L’atto non rappresenta in nessun modo una concessione a pressioni esterne sulla Chiesa o un’ammissione di incapacità nel reprimere con strumenti interni tale genere di reati, quanto invece un’ulteriore presa di distanza da quel “costantinismo” al quale papa Francesco è radicalmente contrario. La parola deriva dall’editto di Costantino del 313 che apriva la strada a una serie di provvedimenti che portarono a dotare la religione cristiana di uno statuto privilegiato all’interno dell’impero romano. Il pontificato di papa Francesco, a partire dal rifiuto della croce d’oro e dalla decisione di vivere negli spazi contenuti di Santa Marta, è stato teso a liberare la Chiesa dallo sfarzo eccessivo e da quel groviglio di rapporti con il potere politico che nel corso dei secoli si è andato creando attorno al suo apparato e che da sostegno della missione nel mondo si è trasformato in un grave ostacolo alla possibilità di agire liberamente e senza compromissioni nella società.
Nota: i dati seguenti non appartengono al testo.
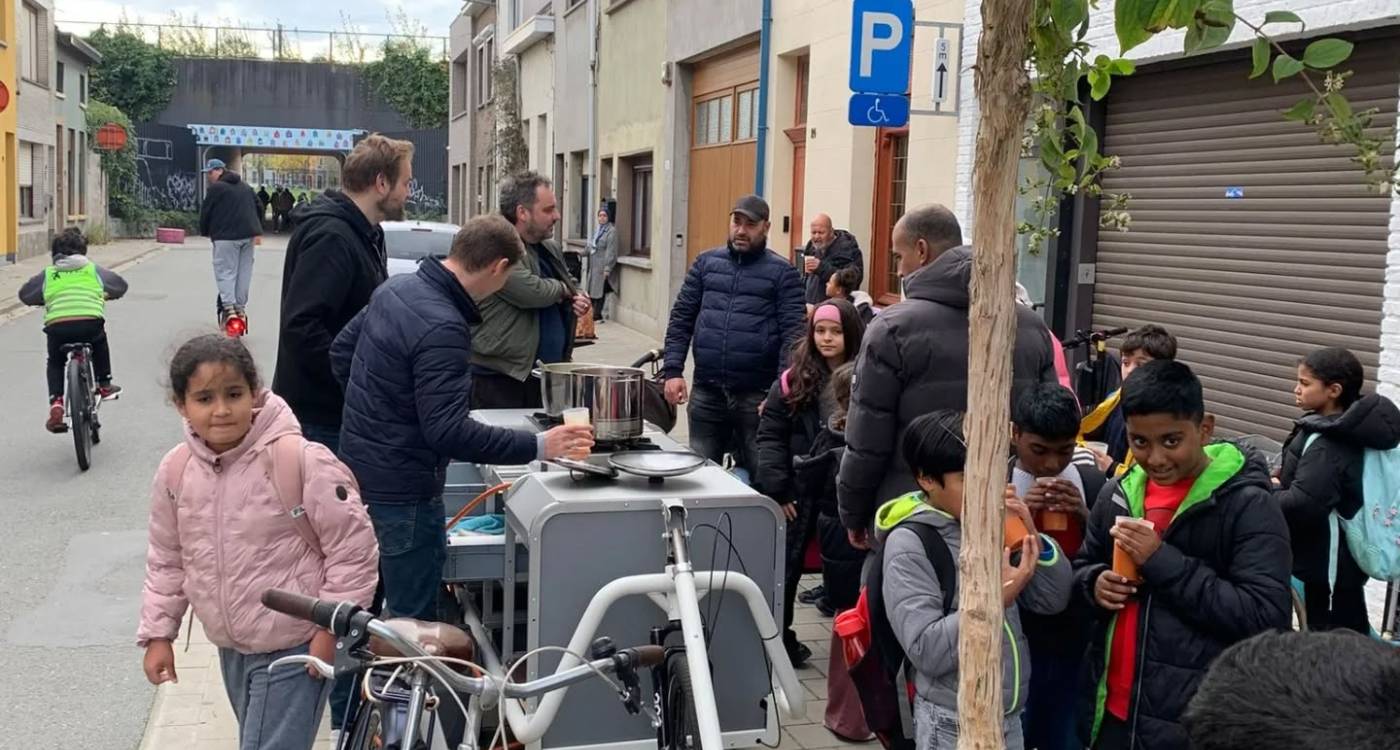 Mobiele buurtkeuken Den Dam schept op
Il diritto di rifiutare la collaborazione con le autorità giudiziarie da parte della gerarchia ecclesiastica era ritenuto da alcuni una conquista, l’ottenimento di uno spazio di autonomia per la Chiesa insindacabile da parte del potere politico e dello stato laico. A loro una parte della Chiesa italiana si è peraltro rivolta, anche in anni non lontani recente, per chiedere quella tutela legislativa dei precetti di fede che per sua natura tende a produrre due risultati negativi: l’imposizione con la forza di ciò che andrebbe guadagnato con l’esempio e l’eccessiva contiguità, quando non la compromissione, delle strutture della Chiesa con quelle dei potentati esistenti nella società civile.

L’altra faccia di questa concezione del rapporto Chiesa Stato è stata rappresentata dai cosiddetti atei devoti, che pur non credenti cercavano nella prima un apparato sociologicamente stutturato al quale affidare il compito di stabilizzatore sociale e di garante delle tradizioni comunitarie. Che le chiese debbano inculturarsi, stabilendo un rapporto non superficiale con le comunità all’interno delle quali vivono è ormai dato per scontato e questo prevede una positiva e attiva partecipazione alla vita culturale dei popoli, ma secondo papa Francesco questo deve essere fatto senza propositi impositivi e soprattutto senza promiscuità con i vertici politici che li guidano. Perciò la decisione presa in tema di repressione penale da parte dei tribunali pubblici di reati a sfondo sessuale o della loro protezione da parte di ecclesiastici ha un valore anche programmatico, contribuisce al disegno di una Chiesa che rinuncia a tutele giuridiche improprie, o comunque compromissorie con il potere, per “alleggerirsi” e rivelarsi sempre più capace di compiere quel percorso di uscita verso la società e di avvicinamento ai poveri, ai marginali, agli ultimi e agli esclusi che rappresenta la sua vocazione irrinunciabile.

La coincidenza fra compleanno e pubblicazione del rescritto molto probabilmente vuol essere una sottolineatura del significato che papa Francesco intende dare alla decisione assunta, che per lui non è un cedimento ma la riaffermazione di un progetto dichiarato, parzialmente messo in atto e al cui sviluppo ulteriore non mancherà di impegnarsi.